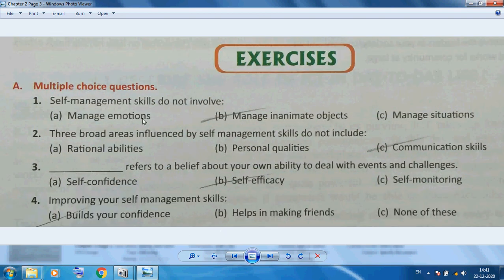Chapter 2 exercise questions: Self-management skills do not involve managing inanimate objects. The three broad areas influenced by self-management skills do not include communication skills. Self-efficacy refers to the belief in your own ability to deal with events and challenges. To improve your self-management skills, build your confidence.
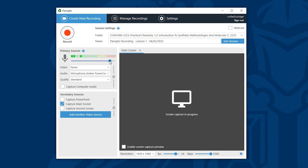Of course if time allows it's always best to do a test recording. Secondary sources allows you to tell Panopto what content you are capturing in addition to your webcam and microphone.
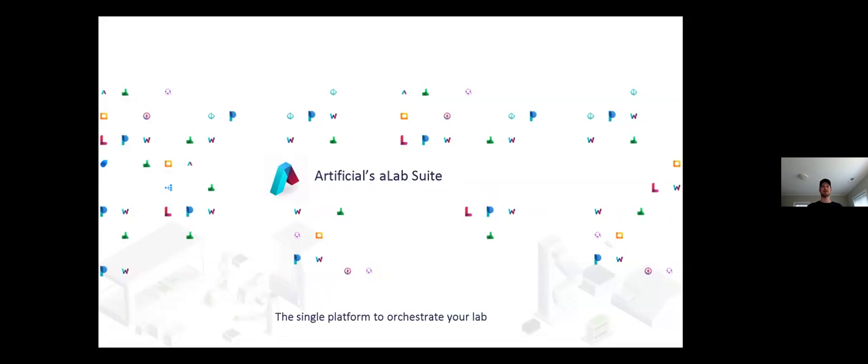Hi, and welcome to my talk about Artificial's A-Lab Suite and our use of Hi-Res Bio Solario. I'm Jeff Budd, Head of Engineering at Artificial.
::::::
[ASSIGNED TASK] Your reply should consist solely of the lines above, from the opening line through the line with "Of course if", reproduced exactly and without pictures.

[RESULT FOR THIS TASK]
Chapter 2 exercise questions: Self-management skills do not involve managing inanimate objects. The three broad areas influenced by self-management skills do not include communication skills. Self-efficacy refers to the belief in your own ability to deal with events and challenges. To improve your self-management skills, build your confidence.
Of course if time allows it's always best to do a test recording. Secondary sources allows you to tell Panopto what content you are capturing in addition to your webcam and microphone.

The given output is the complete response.